[Data block Boundary: Start]

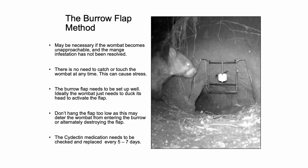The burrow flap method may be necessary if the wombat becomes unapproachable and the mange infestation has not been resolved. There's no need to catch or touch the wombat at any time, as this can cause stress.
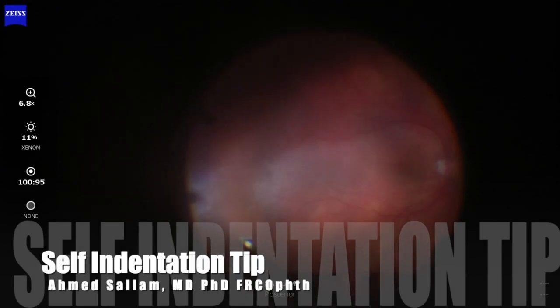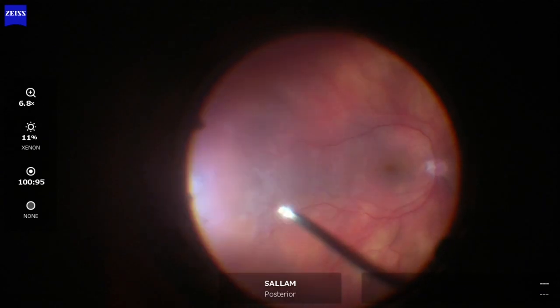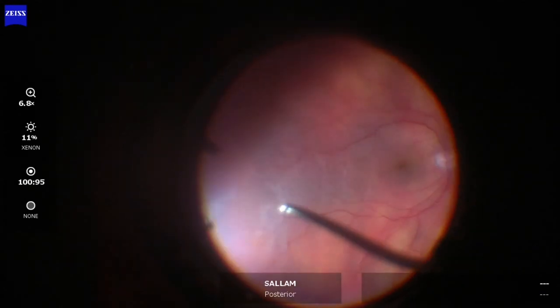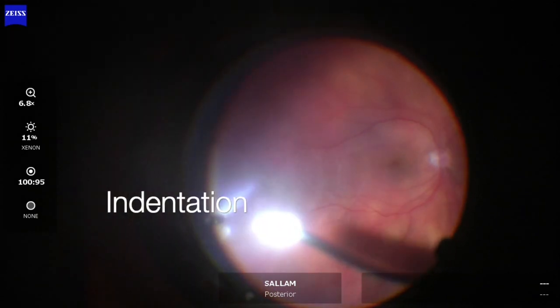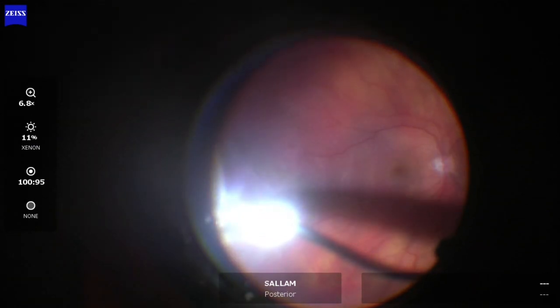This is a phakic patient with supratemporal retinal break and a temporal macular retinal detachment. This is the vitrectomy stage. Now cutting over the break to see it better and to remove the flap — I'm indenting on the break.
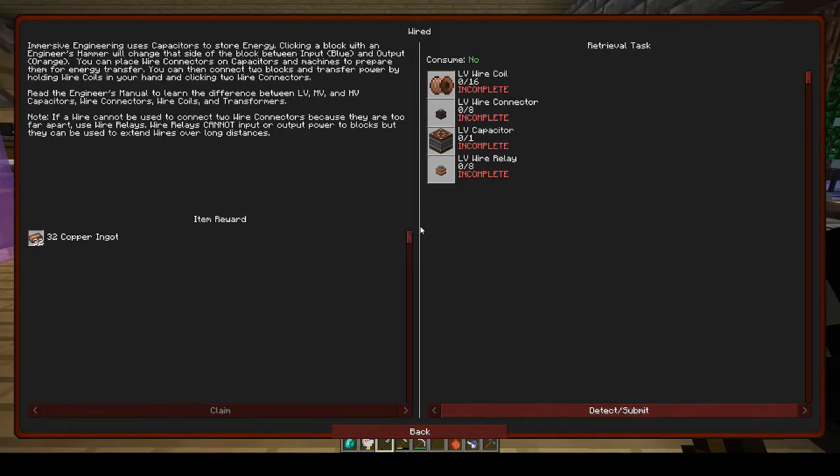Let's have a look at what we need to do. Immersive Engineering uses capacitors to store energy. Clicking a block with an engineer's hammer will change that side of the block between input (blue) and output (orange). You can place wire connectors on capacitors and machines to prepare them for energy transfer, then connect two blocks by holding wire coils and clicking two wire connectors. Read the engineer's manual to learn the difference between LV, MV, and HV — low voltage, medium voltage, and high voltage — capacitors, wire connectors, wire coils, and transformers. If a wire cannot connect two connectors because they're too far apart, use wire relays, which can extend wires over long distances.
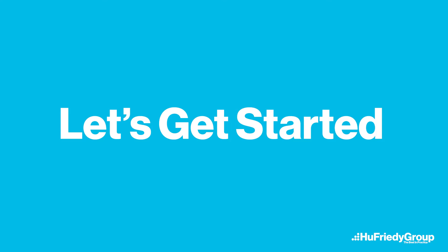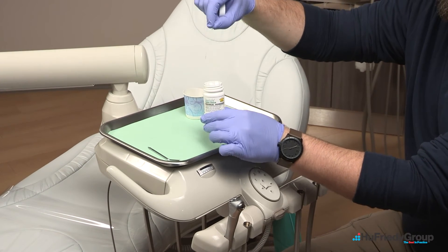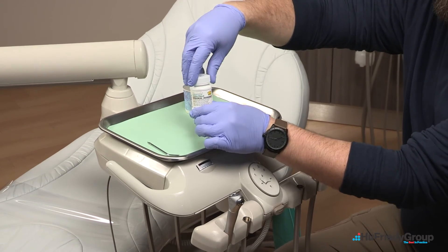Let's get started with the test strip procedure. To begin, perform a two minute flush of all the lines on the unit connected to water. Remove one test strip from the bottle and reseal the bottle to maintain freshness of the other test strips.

[Data block Boundary: End]

Problem:
Look at the listing and set down only the lines from its start through the line with "This is a phakic", word for word and without pictures.

Answer space:
The burrow flap method may be necessary if the wombat becomes unapproachable and the mange infestation has not been resolved. There's no need to catch or touch the wombat at any time, as this can cause stress.
This is a phakic patient with supratemporal retinal break and a temporal macular retinal detachment. This is the vitrectomy stage. Now cutting over the break to see it better and to remove the flap — I'm indenting on the break.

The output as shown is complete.